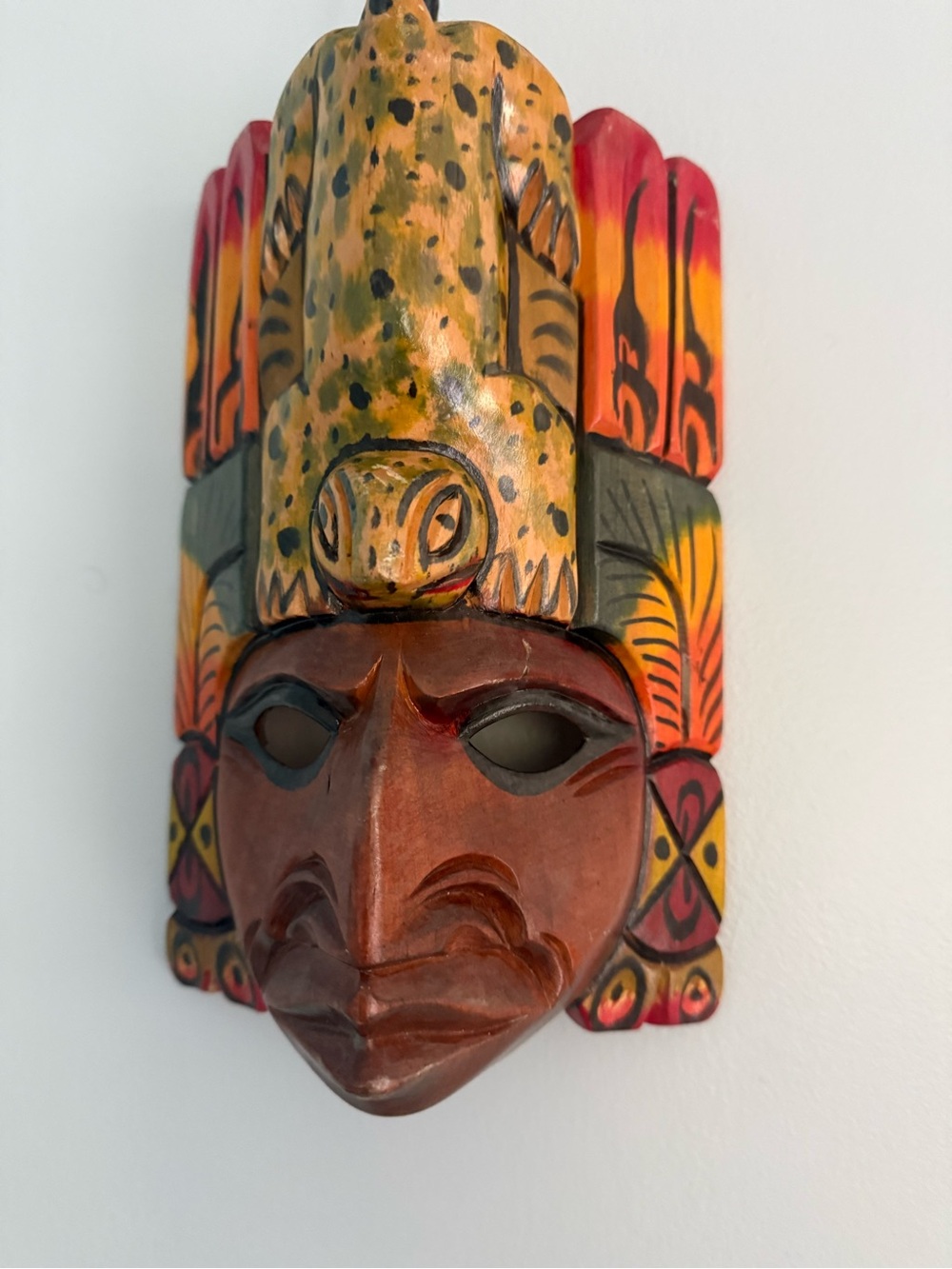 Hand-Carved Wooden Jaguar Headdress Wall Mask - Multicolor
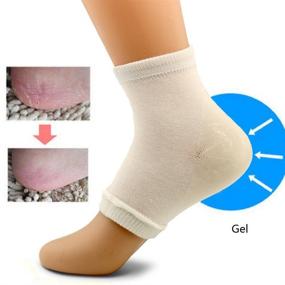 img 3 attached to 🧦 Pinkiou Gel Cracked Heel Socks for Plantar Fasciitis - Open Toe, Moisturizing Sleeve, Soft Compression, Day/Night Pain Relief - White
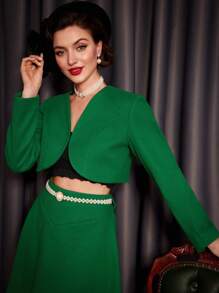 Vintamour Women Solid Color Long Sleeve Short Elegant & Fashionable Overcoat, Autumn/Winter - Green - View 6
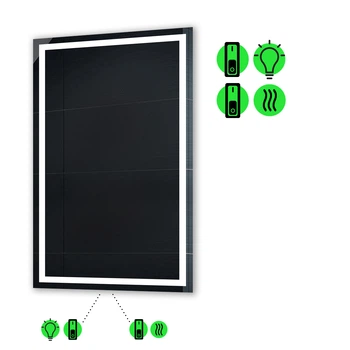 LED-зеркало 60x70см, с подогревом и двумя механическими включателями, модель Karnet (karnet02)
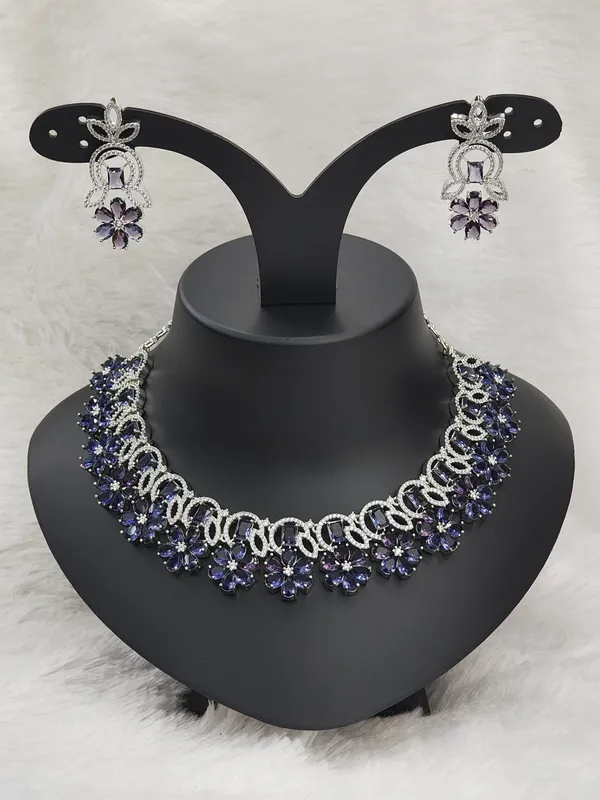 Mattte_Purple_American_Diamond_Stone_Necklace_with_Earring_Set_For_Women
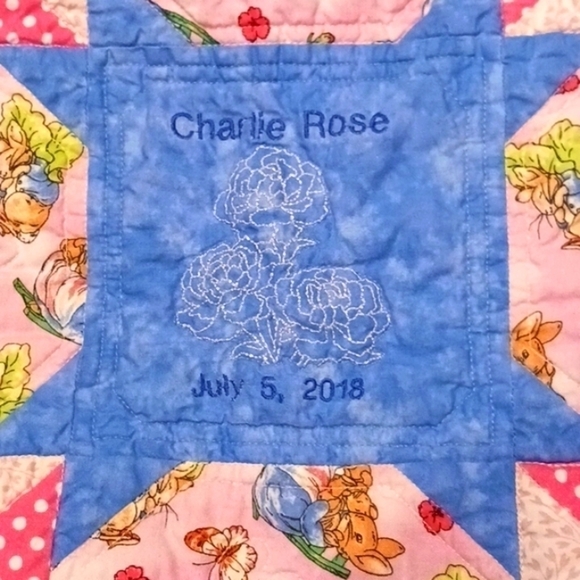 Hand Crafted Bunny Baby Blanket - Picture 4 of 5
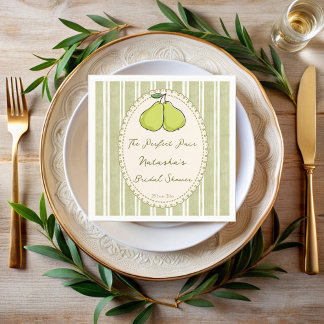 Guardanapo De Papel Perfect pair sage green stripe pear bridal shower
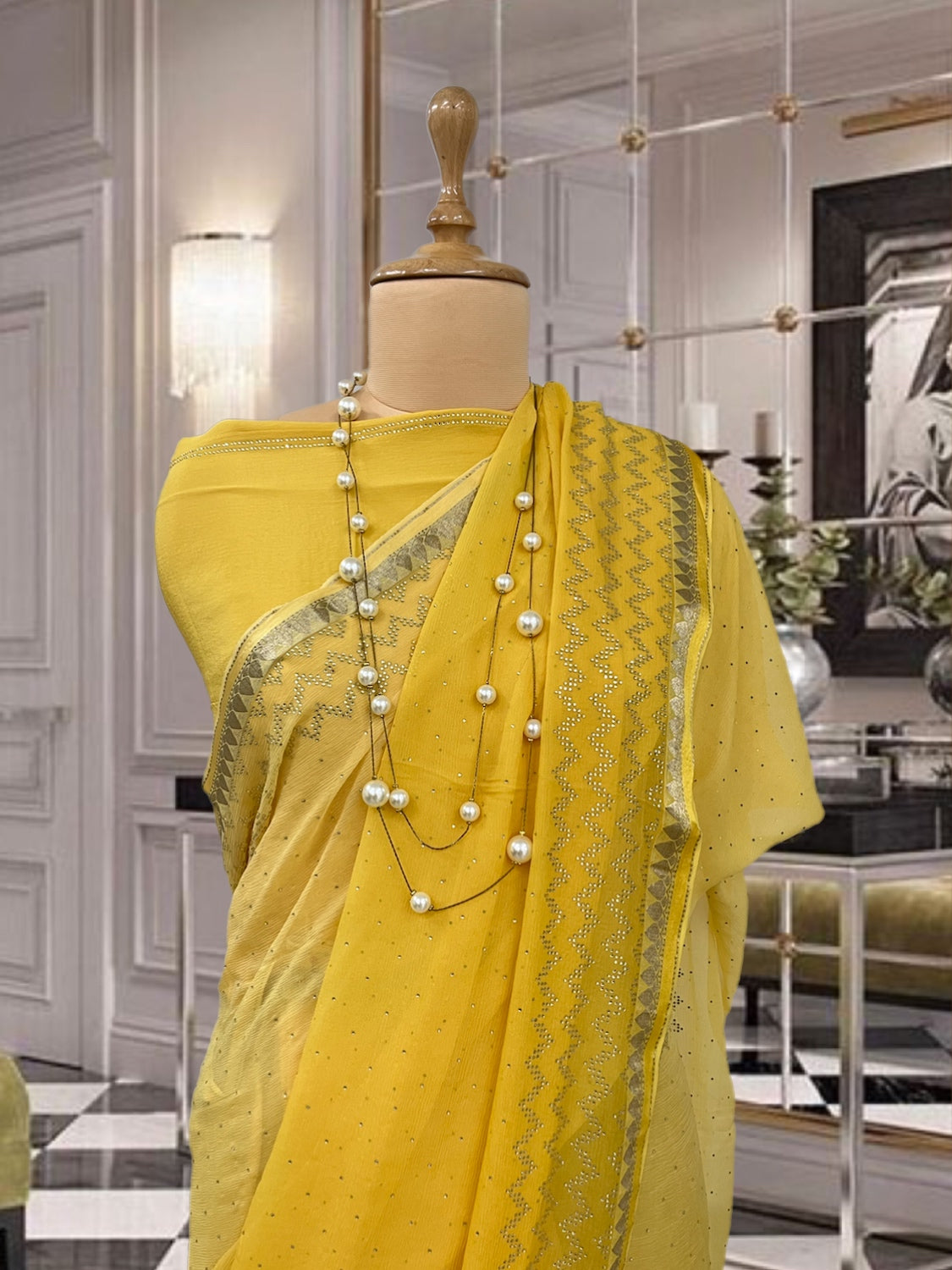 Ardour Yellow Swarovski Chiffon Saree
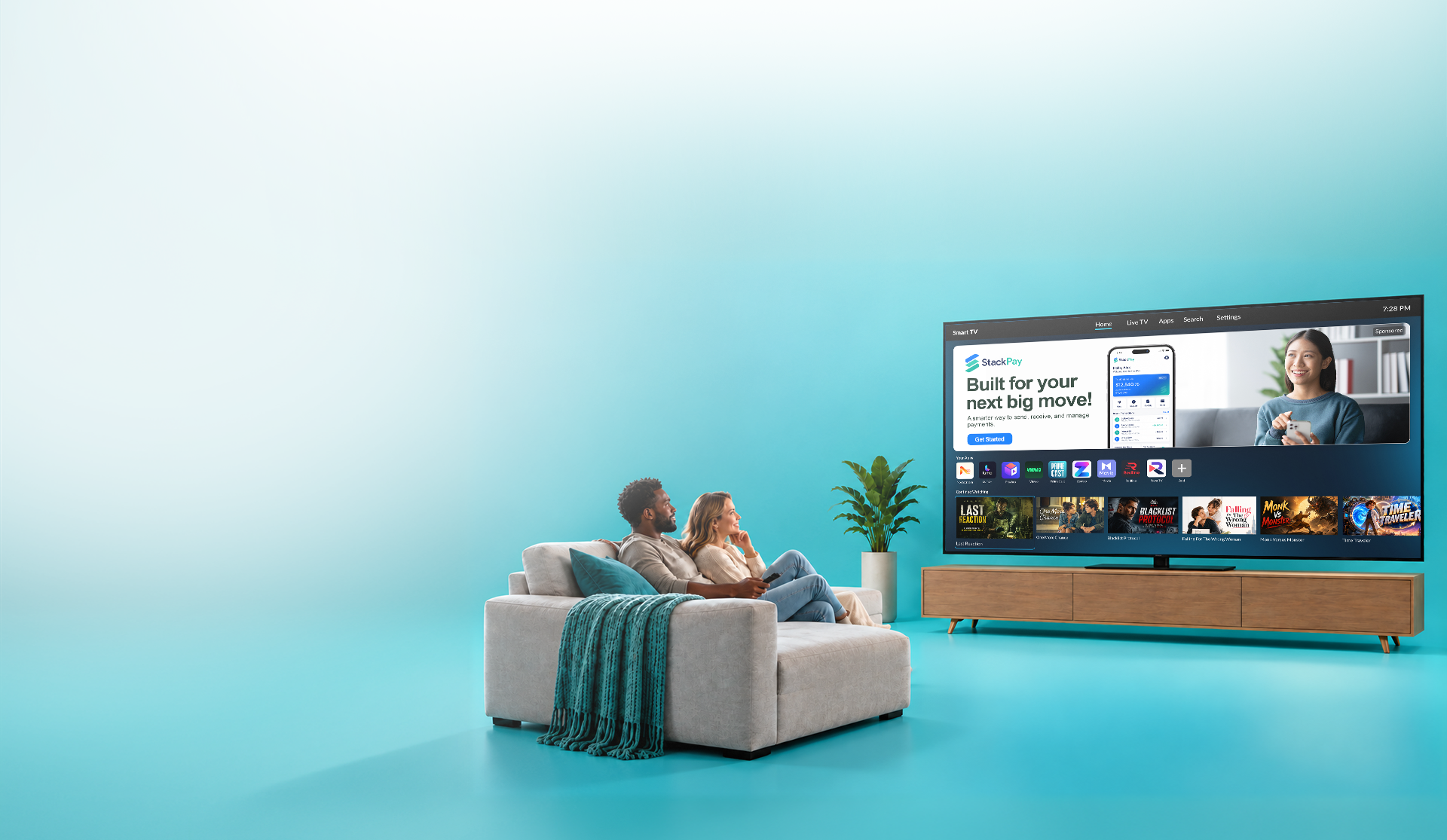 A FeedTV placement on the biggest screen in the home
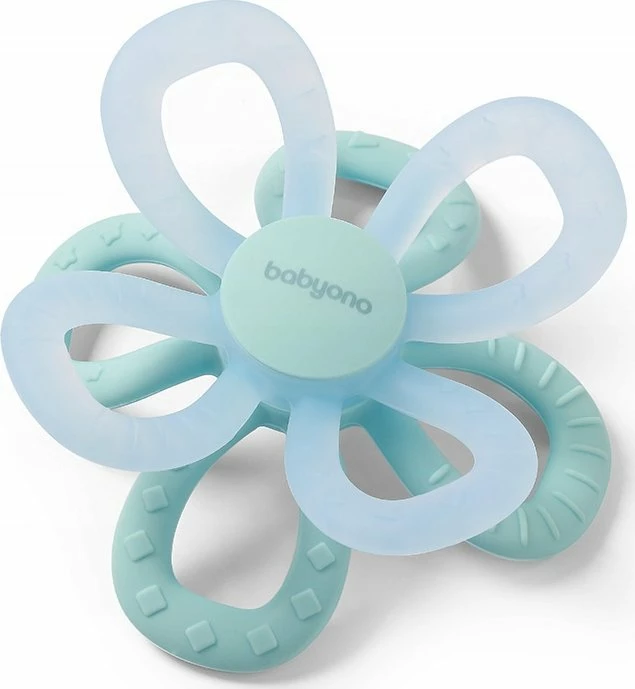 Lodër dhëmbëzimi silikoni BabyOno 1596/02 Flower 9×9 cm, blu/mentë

:::::

* Your assignment
Restate all of the material word for word, leaving every picture out.

* Result of the exercise
 Hand-Carved Wooden Jaguar Headdress Wall Mask - Multicolor
 img 3 attached to 🧦 Pinkiou Gel Cracked Heel Socks for Plantar Fasciitis - Open Toe, Moisturizing Sleeve, Soft Compression, Day/Night Pain Relief - White
 Vintamour Women Solid Color Long Sleeve Short Elegant & Fashionable Overcoat, Autumn/Winter - Green - View 6
 LED-зеркало 60x70см, с подогревом и двумя механическими включателями, модель Karnet (karnet02)
 Mattte_Purple_American_Diamond_Stone_Necklace_with_Earring_Set_For_Women
 Hand Crafted Bunny Baby Blanket - Picture 4 of 5
 Guardanapo De Papel Perfect pair sage green stripe pear bridal shower
 Ardour Yellow Swarovski Chiffon Saree
 A FeedTV placement on the biggest screen in the home
 Lodër dhëmbëzimi silikoni BabyOno 1596/02 Flower 9×9 cm, blu/mentë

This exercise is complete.